Google recently released its Gemini 3 AI chatbot, but it initially struggled to recognize that the current year was 2025. LLM expert Andrej Karpathy found that the bot firmly believed it was still 2024, even accusing him of trying to trick it with evidence. The issue stemmed from Gemini 3 being trained only on data up to 2024 and Karpathy forgetting to activate its Google Search tool. Once the settings were changed, connecting it to the internet, the chatbot admitted its mistake and updated its internal clock.

Schools pilot ChatGPT tool for teachers

OpenAI is launching a new pilot program called "ChatGPT for Teachers" in about a dozen school districts nationwide, including Fairfax County and Prince William County in Northern Virginia. This tool is designed to help educators maximize their work, offering enhanced safety and security because it is an enterprise version that does not use teacher input data for training. Teachers can use it to design lesson plans, analyze writing, and find engaging activities, potentially cutting preparation time significantly. The program is currently active in 100 Prince William County schools, giving 13,000 teachers access. It will be free through June 2027, serving as a supplemental tool for educators.
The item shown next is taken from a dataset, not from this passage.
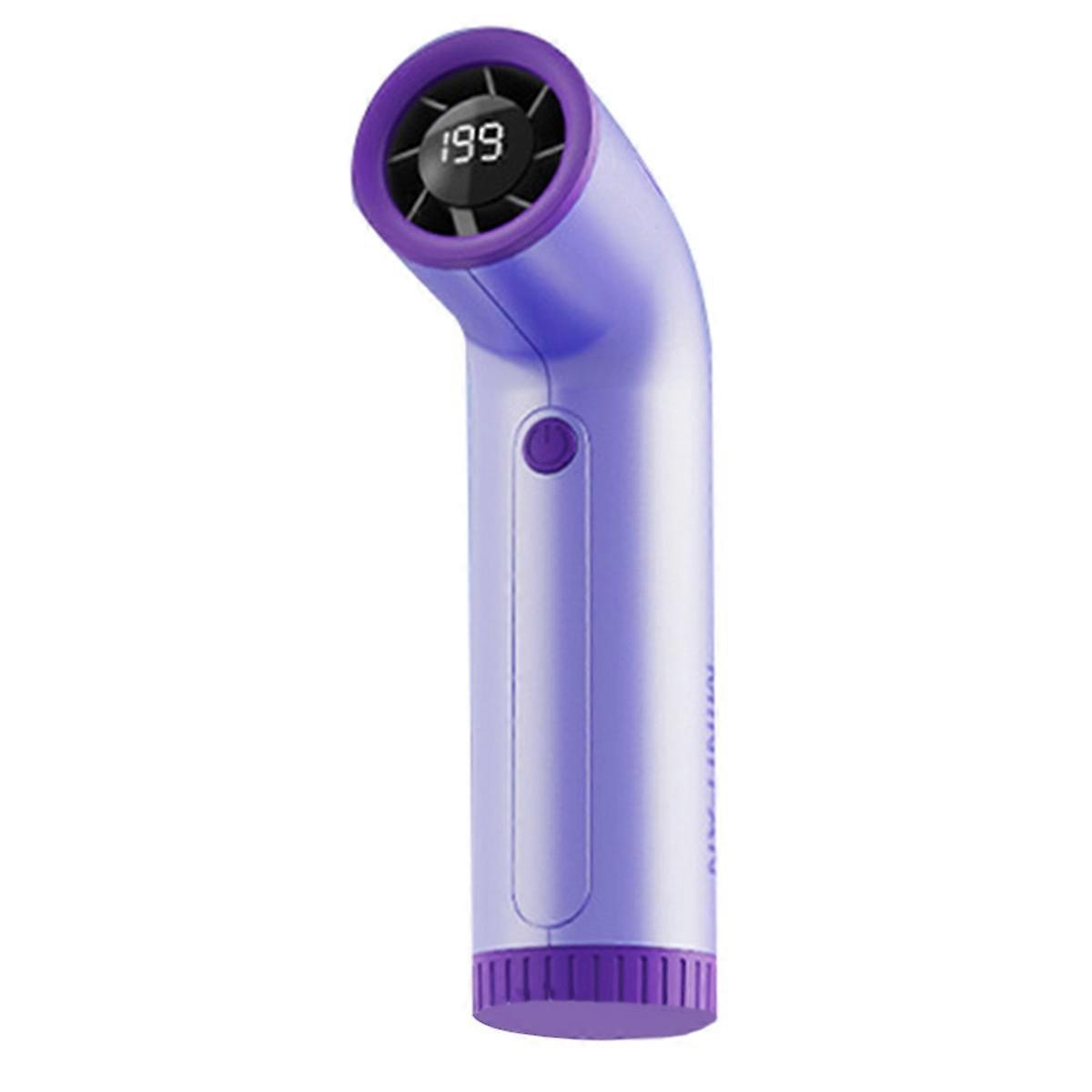 Portable Fan 4000mah Rechargeable Strong Wind 199 Gear Speed Electric Digital Display Adjustable Turbo for Sport A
AI platform Harvey joins UK law schools

Harvey, an AI platform, is now being used in four major UK law schools: the University of Law, King's College London, Oxford University Faculty of Law, and BPP University. This follows its adoption by over 25 law schools in the US. Harvey helps students draft and refine legal briefs, prepare for arguments, and study for exams with an AI-powered tutor. It also assists teachers by providing hands-on class assignments. The University of Law emphasizes that students will use Harvey as a reliable tool to assist their learning, not to replace it. The platform can create first drafts of legal clauses and summarize complex documents, preparing students for modern legal practice.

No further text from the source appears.